It's a decision that highlights millions of dollars in wasted government spending.

It's 10,800 square feet -- 23 rooms in a Frankfort business park costing taxpayers about $200,000 a year in rent.

"This is an example of government waste and hopefully were setting the example of being efficient and transparent," said Ky. Agriculture Commissioner James Comer.

The Agriculture Department is shutting down the fuel and pesticides testing lab after a $3.1 million investment in 2008. The idea was to bring all pesticide, gasoline and diesel fuel testing in-house and become a testing hub for other states.

But Comer says when he took office last year, he learned there were no outside contracts and the fuel lab lost nearly $1 million a year.

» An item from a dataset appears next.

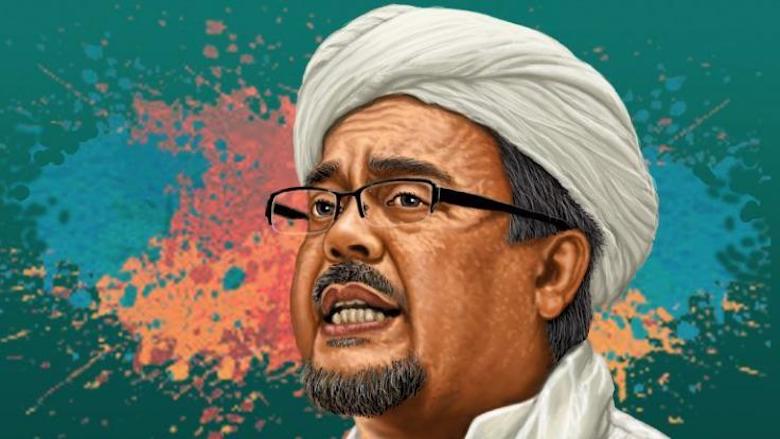 Magnet Habib Rizieq,  Kekuatan Elektoralnya dan Bangsa yang Mencari Identitas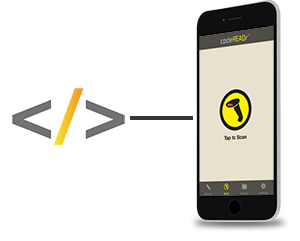 Custom HTML Scan Response Webify barcodes: scan data and respond with HTML markup!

"I can see where it would seem like a good idea, but there was never any business plan, never any business development," Comer said. "It was just a pie in the sky idea."

The pesticide part of the lab is filled with $400,000 in bunsen burners, equipment and chemicals. Officials say, except for testing in 2008 to make sure it all worked, none of it was ever used.

Comer says the prior administration of Richie Farmer greatly overspent on startup costs. Example: eight distillation machines, when Comer says they only needed two. Five fuel octane testing engines, when only three were ever used.

Comer hopes drivers won't notice a change as fuel tests will once again be sent out to a private lab, saving about $500,000 a year.  He also hopes the bio-fuels department at UK will purchase the old equipment.

WDRB's Gilbert Corsey asked. "Why not put into place a business model that would keep the taxpayers' money from going down the toilet?"

"That's a great question, and why we had a task force come in and others in the business community look at it," said Comer. "No one could put together a business model that worked out."

Commissioner Comer calls this shutdown another part of the cleanup from the Richie Farmer administration.

He also announced Wednesday the departure of Bruce Harper, who spent 7 years as the director of outreach in the Agriculture department. Officials say Harper is named in three of the ethics violations under the Farmer administration. Comer appointed Larry Cox to replace him as Deputy AG-Commissioner. Cox served as the state director for U-S Senator Mitch McConnell for 30 years.